Dow surpasses 20,000 for the first time amidsts high confidence in economic growth

January 25, 2017
By Vlad Karpel

For the first time in history, the Dow Jones Industrial Average breached the psychologically important 20,000 mark. This may begin to attract more investors and bring more attention to the markets, as the rally serves as validation for optimistic economic outlooks under a Trump administration. Notable components leading the index surge are defense contractors, financials and construction. The milestone has been met with mixed feelings. Bolstered confidence and rapid action in the form of executive orders have many looking toward Trump’s deregulation goals.
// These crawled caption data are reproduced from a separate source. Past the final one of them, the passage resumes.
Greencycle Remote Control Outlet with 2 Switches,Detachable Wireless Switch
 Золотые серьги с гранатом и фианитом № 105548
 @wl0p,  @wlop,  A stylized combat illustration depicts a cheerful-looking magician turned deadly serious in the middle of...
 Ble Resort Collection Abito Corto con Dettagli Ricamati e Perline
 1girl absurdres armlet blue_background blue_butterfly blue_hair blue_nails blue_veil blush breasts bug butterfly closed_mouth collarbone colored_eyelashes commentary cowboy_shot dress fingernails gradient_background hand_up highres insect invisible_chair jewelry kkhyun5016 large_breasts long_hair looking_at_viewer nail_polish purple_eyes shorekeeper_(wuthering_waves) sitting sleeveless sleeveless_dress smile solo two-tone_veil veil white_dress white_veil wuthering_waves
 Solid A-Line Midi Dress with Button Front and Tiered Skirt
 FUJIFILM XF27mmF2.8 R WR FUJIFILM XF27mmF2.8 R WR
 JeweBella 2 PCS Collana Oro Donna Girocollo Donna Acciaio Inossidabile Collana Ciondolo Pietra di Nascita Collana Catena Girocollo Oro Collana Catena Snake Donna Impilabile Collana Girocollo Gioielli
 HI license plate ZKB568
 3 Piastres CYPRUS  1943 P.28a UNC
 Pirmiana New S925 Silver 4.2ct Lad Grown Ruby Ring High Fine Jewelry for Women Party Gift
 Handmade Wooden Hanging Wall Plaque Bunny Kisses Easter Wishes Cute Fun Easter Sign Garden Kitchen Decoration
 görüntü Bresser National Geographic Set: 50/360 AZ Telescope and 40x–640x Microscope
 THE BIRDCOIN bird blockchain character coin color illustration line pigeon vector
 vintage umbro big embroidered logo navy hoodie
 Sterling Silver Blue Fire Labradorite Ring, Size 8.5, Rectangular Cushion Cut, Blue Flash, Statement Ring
Others see an inevitable future conflict between a pro-business agenda catering to corporate interests and a protectionist, populist stance on international trade and manufacturing.

The DJIA is currently up 0.70% at 20051.76, pushed by defense, construction and financial sectors. The Nasdaq is up 0.72% at 5641.30, boosted by technology stocks which have been lagging recently. The S&P 500 is currently trading at 2293.73 which is up 0.60% from the open, led by technology and financials. The index is within striking distance of the 2300 mark.

Using the ^GSPC symbol to analyze the S&P 500, our prediction model shows a reversal in light of the Dow event. Consistent positive vector figures hold throughout the prediction window, hovering just under 1%.  The predicted close today is 2292.49, with predicted support and resistance at 2268.87 (± 4.72) and 2295.24 (± 4.77), respectively.

 

Upcoming Events and Reports

President Trump announced a massive investigation into widespread voter fraud in the elections. Although recent studies have concluded with zero evidence of this occurring, Trump insists that millions of people voted illegally. There are no details as to how this investigation will be carried out, and already there is major pushback from both sides of the aisle. It is becoming increasingly apparent that President Trump’s words and subsequent administrative actions are to be evaluated separately from one another.

 

Oil

Crude oil futures have flipped between losses and gains today. The confidence in economic growth and large infrastructure projects, along with the psychological Dow barrier of 20,000 being breached, have many investors predicting higher demand. On the other hand, this is the third-straight week of rising U.S production figures. Efforts to cut production by OPEC and non-OPEC countries have countered this, but investors still remain skeptical. Currently, oil prices are up 0.09% from the open at $53.23.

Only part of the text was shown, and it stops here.